● Dataset:
┄┄┄┄┄┄
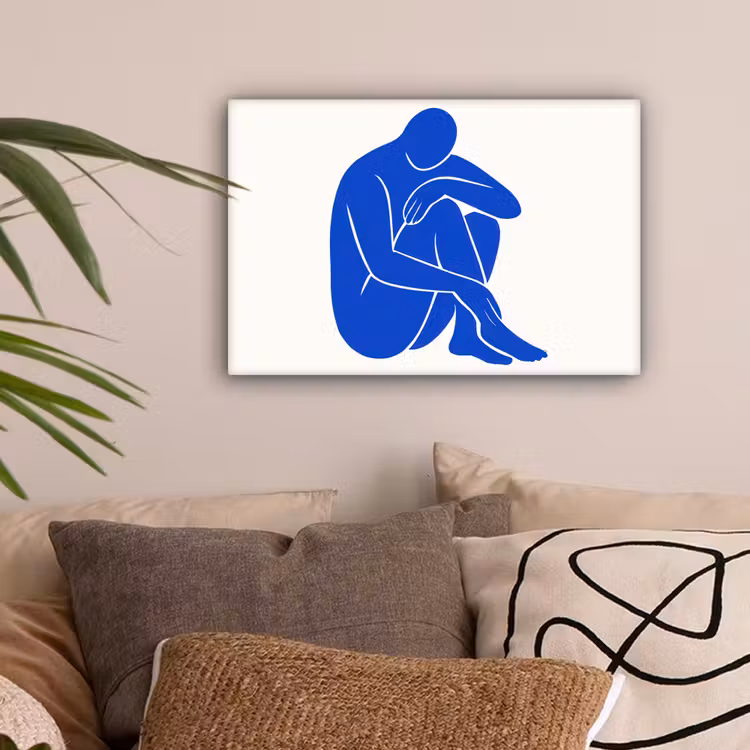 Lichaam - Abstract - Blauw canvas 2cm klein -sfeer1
┄┄┄┄┄┄
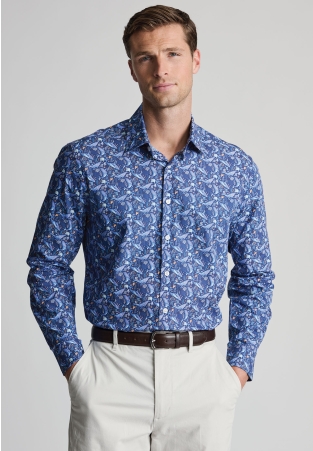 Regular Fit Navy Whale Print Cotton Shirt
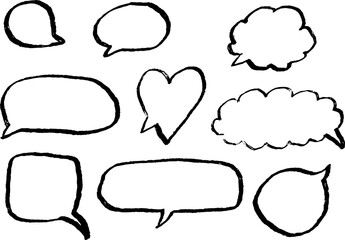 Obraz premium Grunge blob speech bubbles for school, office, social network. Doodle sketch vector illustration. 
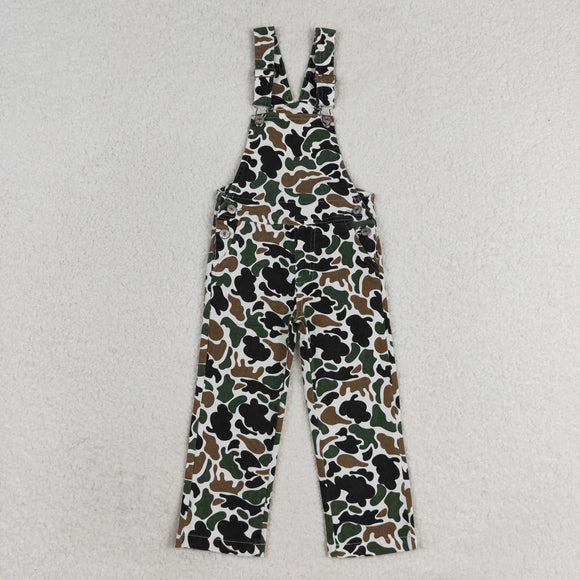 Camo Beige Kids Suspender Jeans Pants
┄┄┄┄┄┄
● Assignment:
Go down the entries above from the line containing "Regular Fit Navy Whale Print Cotton Shirt" to the line containing "Camo Beige Kids Suspender Jeans Pants" and write out each line exactly, leaving pictures out.

● Solution to this exercise:
 Regular Fit Navy Whale Print Cotton Shirt
 Obraz premium Grunge blob speech bubbles for school, office, social network. Doodle sketch vector illustration. 
 Camo Beige Kids Suspender Jeans Pants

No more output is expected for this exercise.